:: Entries shown ::

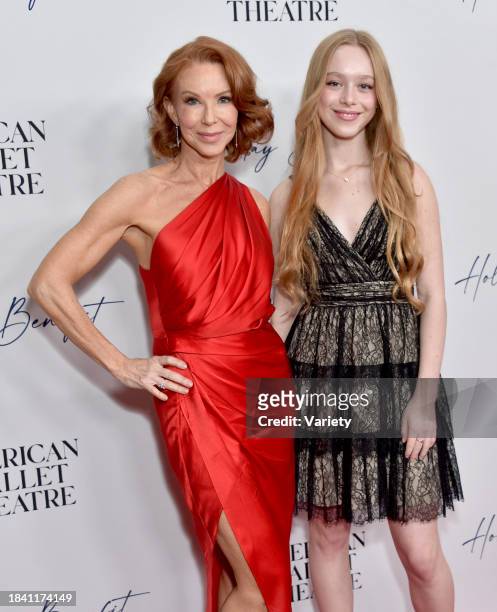 Challen Cates and Jasper McPherson at the American Ballet Theatre's Holiday Benefit at The Beverly Hilton Hotel on December 11, 2023 in Los Angeles,...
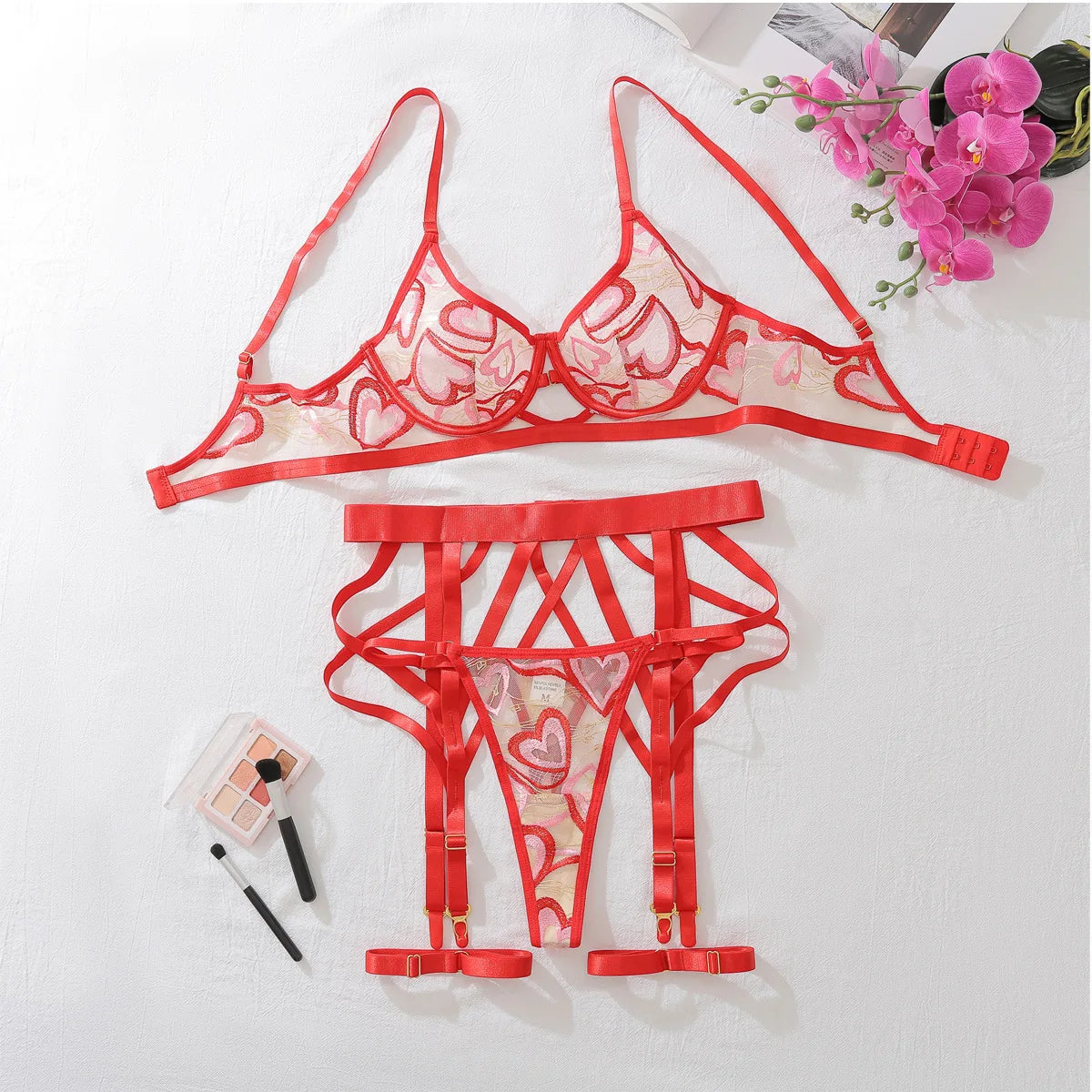 Toucheart Erotic Lingerie Love Embroidered Strappy Bra Set See-through Mesh Shapewear Four-piece Set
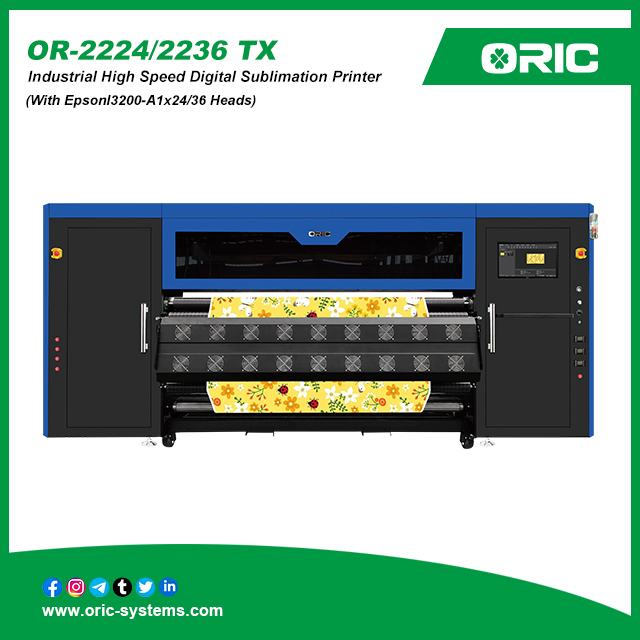 Nanjing ORIC OR-2224TX(Epson i3200-A1x24) 2.2m Industrial High Speed Maglev Guide Rail Digital Sublimation Printer 12x2 CHINA FACTORY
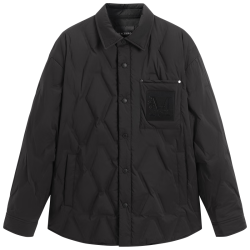太平鸟 男装轻薄羽绒服 黑色 翻领保暖 S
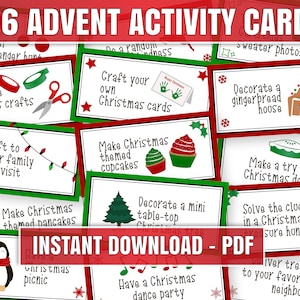 Cartoline dell'avvento di Natale stampabili, 96 note di attività dell'avvento di Natale per il calendario dell'avvento per bambini, note di Natale stampabili giornaliere dell'avvento fai da te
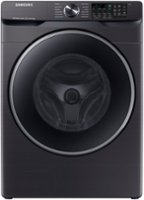 Samsung - 5.0 Cu. Ft. High-Efficiency Stackable Smart Front Load Washer with Steam and Super Speed Wash - Brushed Black - Front_Zoom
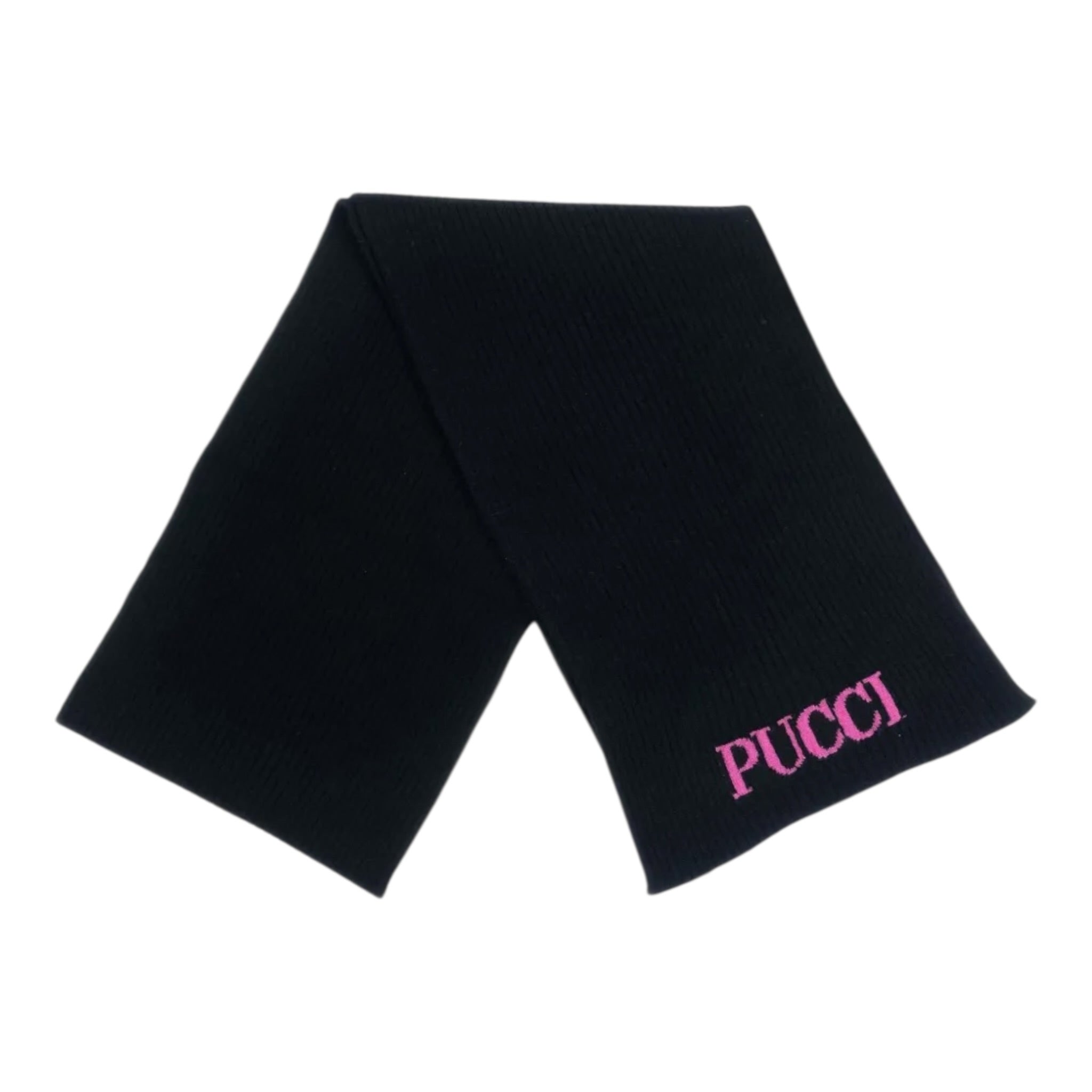 Emilio Pucci Sciarpa tinta unita con Stampa Nero per Bambina PX0A13 NERO EMILIO PUCCI 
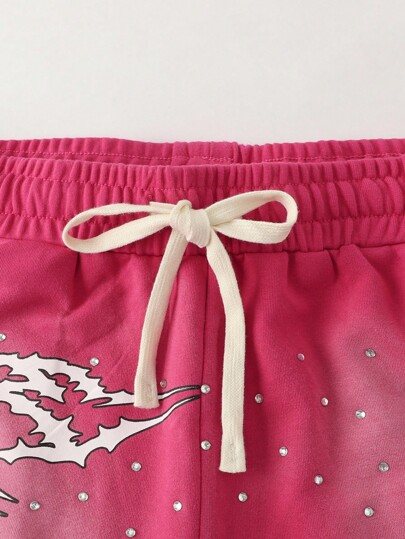 Street Life Pantalones cortos lavados con estampado de letras y diamantes brillantes para hombres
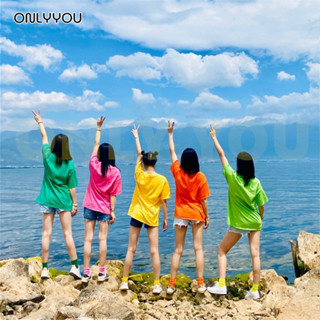 ONLY&amp;YOU เสื้อนีออน เสื้อยืดนีออน เสื้อสียืดสีพื้น นีออน Neonเป็นเซตคู่แถมกับถุงเท้าฟรีไซต์หลากสีสะท้อนแสง แขนสั้น ใส่ได้ทั้งชายและหญิง T-Shirts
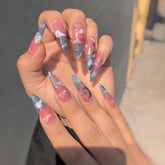 Yickyue 24pcs/box Eid Mubarak stiletto false nails with designs star moon wearable gradient artificial nails with glue full cover nails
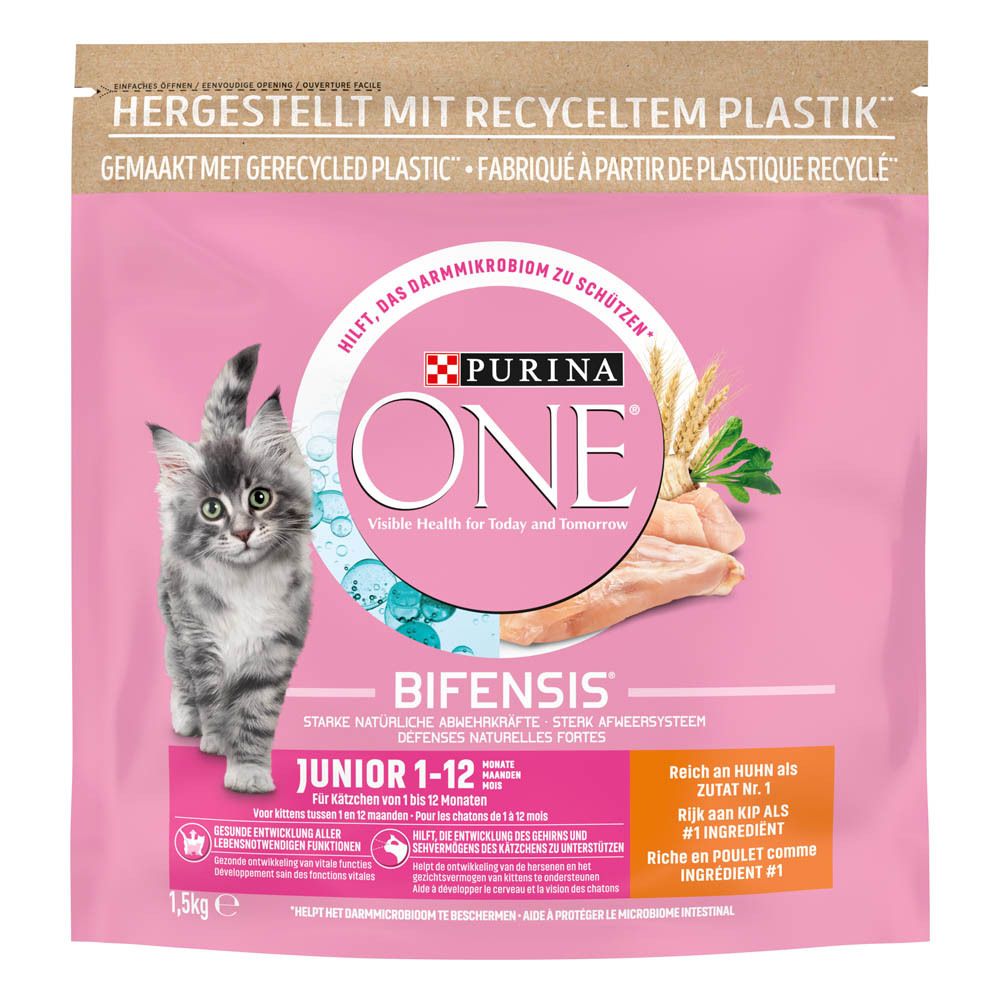 Nourriture pour chat Purina One Bifensis Junior au poulet, paquet de 1,5kg. Fabriqué à partir de plastique recyclé.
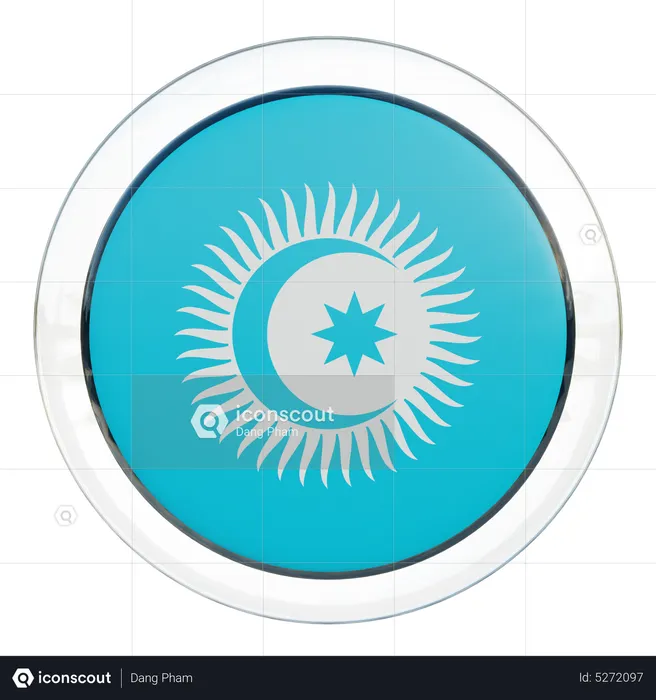 Turkic Council Round Flag Flag 3D Icon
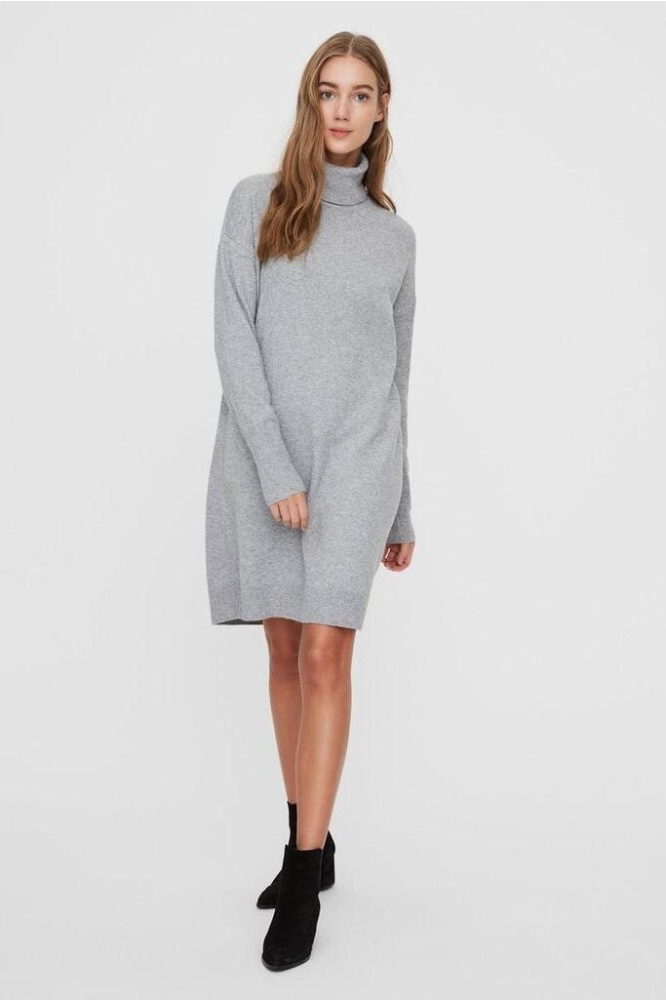 VMBRILLIANT LS ROLLNECK DRESS NOOS 10199744 Light Grey Melange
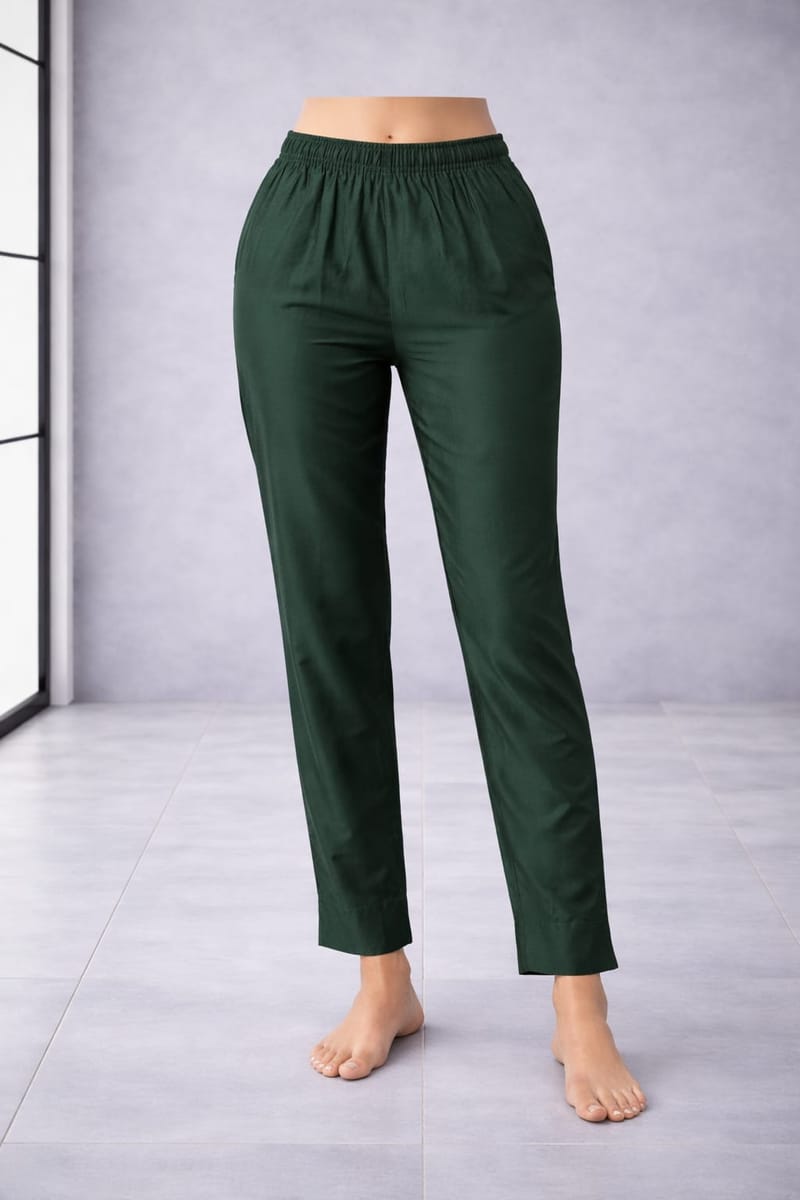 Women’s Bottle Green Metallic Pants Stylish Shimmer Trousers Versatile Bottom Wear for Kurtis & Tunics - Western Wear - front view | Villows DTrendz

:::

Reproduce precisely the lines of the entries above, from the one containing "Toucheart Erotic Lingerie" through the final one, both ends included, and omit the pictures.

 Toucheart Erotic Lingerie Love Embroidered Strappy Bra Set See-through Mesh Shapewear Four-piece Set
 Nanjing ORIC OR-2224TX(Epson i3200-A1x24) 2.2m Industrial High Speed Maglev Guide Rail Digital Sublimation Printer 12x2 CHINA FACTORY
太平鸟 男装轻薄羽绒服 黑色 翻领保暖 S
 Cartoline dell'avvento di Natale stampabili, 96 note di attività dell'avvento di Natale per il calendario dell'avvento per bambini, note di Natale stampabili giornaliere dell'avvento fai da te
 Samsung - 5.0 Cu. Ft. High-Efficiency Stackable Smart Front Load Washer with Steam and Super Speed Wash - Brushed Black - Front_Zoom
 Emilio Pucci Sciarpa tinta unita con Stampa Nero per Bambina PX0A13 NERO EMILIO PUCCI 
 Street Life Pantalones cortos lavados con estampado de letras y diamantes brillantes para hombres
 ONLY&amp;YOU เสื้อนีออน เสื้อยืดนีออน เสื้อสียืดสีพื้น นีออน Neonเป็นเซตคู่แถมกับถุงเท้าฟรีไซต์หลากสีสะท้อนแสง แขนสั้น ใส่ได้ทั้งชายและหญิง T-Shirts
 Yickyue 24pcs/box Eid Mubarak stiletto false nails with designs star moon wearable gradient artificial nails with glue full cover nails
 Nourriture pour chat Purina One Bifensis Junior au poulet, paquet de 1,5kg. Fabriqué à partir de plastique recyclé.
 Turkic Council Round Flag Flag 3D Icon
 VMBRILLIANT LS ROLLNECK DRESS NOOS 10199744 Light Grey Melange
 Women’s Bottle Green Metallic Pants Stylish Shimmer Trousers Versatile Bottom Wear for Kurtis & Tunics - Western Wear - front view | Villows DTrendz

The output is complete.